◆ **Task item**
List every line in this data where the string "Euro" occurs.

◆ **Information**

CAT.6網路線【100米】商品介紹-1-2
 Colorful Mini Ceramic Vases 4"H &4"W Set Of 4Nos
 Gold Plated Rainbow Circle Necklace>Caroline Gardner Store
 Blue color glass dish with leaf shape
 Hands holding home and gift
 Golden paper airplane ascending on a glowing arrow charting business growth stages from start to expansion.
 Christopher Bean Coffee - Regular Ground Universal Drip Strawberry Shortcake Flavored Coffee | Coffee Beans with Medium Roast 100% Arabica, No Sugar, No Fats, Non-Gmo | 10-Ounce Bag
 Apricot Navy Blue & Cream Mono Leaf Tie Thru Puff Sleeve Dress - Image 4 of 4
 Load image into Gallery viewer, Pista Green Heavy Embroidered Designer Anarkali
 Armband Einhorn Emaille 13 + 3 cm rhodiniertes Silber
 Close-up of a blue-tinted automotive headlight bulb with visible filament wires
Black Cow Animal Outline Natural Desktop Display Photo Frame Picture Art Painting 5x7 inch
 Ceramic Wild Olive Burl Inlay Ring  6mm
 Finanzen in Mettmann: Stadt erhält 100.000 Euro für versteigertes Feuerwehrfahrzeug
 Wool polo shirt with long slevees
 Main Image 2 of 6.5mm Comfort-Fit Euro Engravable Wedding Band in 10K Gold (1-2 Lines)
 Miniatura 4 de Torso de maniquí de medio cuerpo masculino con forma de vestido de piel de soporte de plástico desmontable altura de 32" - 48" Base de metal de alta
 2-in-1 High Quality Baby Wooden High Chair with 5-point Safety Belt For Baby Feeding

◆ **Answer below**
 Finanzen in Mettmann: Stadt erhält 100.000 Euro für versteigertes Feuerwehrfahrzeug
 Main Image 2 of 6.5mm Comfort-Fit Euro Engravable Wedding Band in 10K Gold (1-2 Lines)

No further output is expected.